The next big difference: the book.

In the old 3-day course, I distributed two books: (1) the “Course Notebook,” which was a black and white listing of the course PowerPoint slides, and (2) a copy of Optimizing Oracle Performance (O’Reilly 2003). The O’Reilly book was great, because it contained a lot of detail that you would want to look up after the course. But of course it doesn’t contain any new knowledge we’ve learned since 2003. The Course Notebook, in my opinion, was never worth much to begin with. (In my opinion, no PowerPoint slide printout is worth much to begin with.)

The Mastering Oracle Trace Data (MOTD) book we give each student in my new 1-day course is a full-color, perfect-bound book that explains the course material and far more in deep detail. It is full-color for an important reason. It’s not gratuitous or decorative; it’s because I’ve been studying Edward Tufte. I use color throughout the book to communicate detailed, high-resolution information faster to your brain.

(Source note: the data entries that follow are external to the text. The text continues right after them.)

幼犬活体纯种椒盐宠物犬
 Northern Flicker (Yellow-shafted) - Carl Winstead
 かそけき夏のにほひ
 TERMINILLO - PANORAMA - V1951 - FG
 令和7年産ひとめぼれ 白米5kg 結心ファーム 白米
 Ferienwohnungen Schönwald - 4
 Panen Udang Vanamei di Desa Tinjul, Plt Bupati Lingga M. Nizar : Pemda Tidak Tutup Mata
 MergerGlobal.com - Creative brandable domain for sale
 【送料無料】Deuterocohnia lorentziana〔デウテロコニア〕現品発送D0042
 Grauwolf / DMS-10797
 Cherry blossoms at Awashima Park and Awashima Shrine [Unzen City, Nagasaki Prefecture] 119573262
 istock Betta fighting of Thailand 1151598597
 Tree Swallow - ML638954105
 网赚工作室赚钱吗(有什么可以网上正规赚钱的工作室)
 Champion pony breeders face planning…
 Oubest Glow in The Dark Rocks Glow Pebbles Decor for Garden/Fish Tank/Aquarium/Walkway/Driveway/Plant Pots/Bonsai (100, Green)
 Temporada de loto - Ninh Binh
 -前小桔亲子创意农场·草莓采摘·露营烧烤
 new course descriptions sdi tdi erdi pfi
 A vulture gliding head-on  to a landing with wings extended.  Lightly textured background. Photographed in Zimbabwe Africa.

Color in the book helps to reduce student workload and deliver value long after a student has left the classroom. In this class, there is no collection of slide printouts like you’ve archived after every Oracle class you’ve been to since the 1980s. The MOTD book is way better than any other material I’ve ever distributed in my career. I’ve heard students tell their friends that you have to see it to believe it.

“A paper record tells your audience that you are serious, responsible, exact, credible. For deep analysis of evidence and reasoning about complex matters, permanent high-resolution displays [that is, paper] are an excellent start.” —Edward Tufte

The Software

So, where does a student recoup all the time we used to spend going through trace files, and studying how to collect trace data on half a dozen different software architectures? In the thousands of man-hours we’ve invested into the software that we give you when you come to the course. Instead of explaining every little detail about quirks in Oracle trace data that change between Oracle versions 10.1 and 10.2 and 11.2 or 11.2.0.2 and 11.2.0.4, the software does the work for you. Instead of having to explain all the detail work, we have time to explain how to use the results of our software to make decisions about your data.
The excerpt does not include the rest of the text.